Pyøza [pyøzä]
It combines Turkish, French, and some vague understanding I have of NatAm polysynthetic languages.
Goals and ideas
- Some noun cases. (I might copy ideas from my last Speedlang thread.)
- Polysynthesis
- Incorporation
- agglutinative but some processes happen at the morphemic border (maybe Celtic style mutations between words too).
- Probably SOV and mostly suffixing
Its phoneme inventories are shown below. This is a consonant inventory I stole from Random Phonemic Inventory thread years ago and have recycled it many times. - This time I added "nasal affricates", which is a old idea of mine. Basically, the nasalization of the consonant is lengthened, making nasal vowels appear only after nasal consonants.
- All consonants but /j ɣ ɾ/ can be geminated and preglottalized. Phonetically, preglottalization is a cluster of the glottal stop and the consonant [ʔt].
- A weak glottal stop also appears as a hiatus filler.
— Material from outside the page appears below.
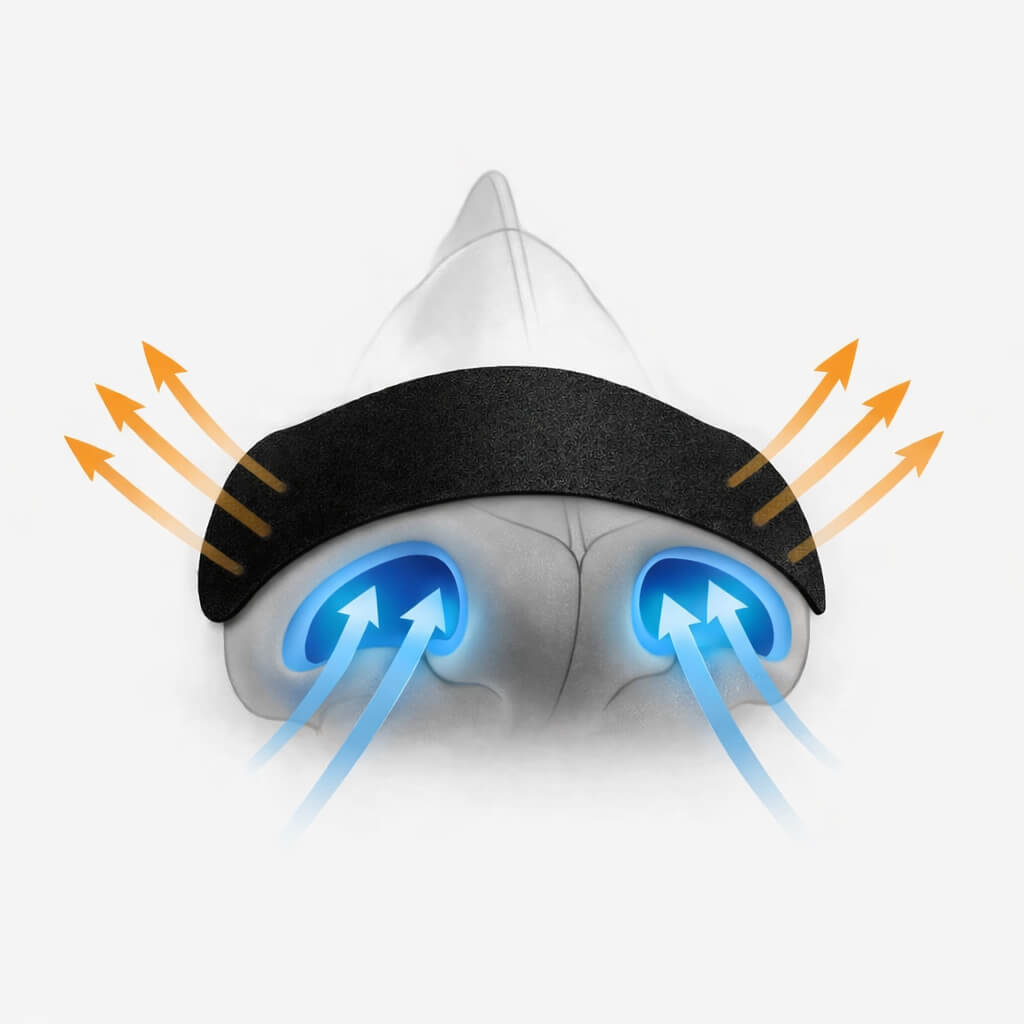 A diagram showing how BREATHMODE nasal strips work to open up the nasal valve and prevent nasal collapse to improve nasal breathing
Lines of vowels will (hopefully) be frequent.
m n ŋ
mṼ nṼ ŋṼ
p t t͡s k (ʔ)
s x
z ɣ
l ɾ
ʋ j
The vowels can be short or long. The closing (I thank Eldin for terminology) diphthongs are always long. The vowels of the ultimate, stressed, syllable are also always long.
y i u
yø ie uo
ø e o
ä
Phonotactics tries to be simple and conplex simultaneously.
- Onset clusters are not allowed. /ɣ/ and /ɾ/ don't appear word-initially.
- Clusters between vowels can be quite complex. I'm trying to find out what they could be. There is also the preglottalization mentioned above.
The distribution of /t͡s/ is limited. Most of its realizations result from a historical sound change t -> t͡s /_i . It can though appear in all positions mentioned above because of analogical leveling and loan words.
Zyøra is not tonal. The primary stress falls on the last syllable of the word/phrase. There might though be some metric rules of secondary stresses of longer words.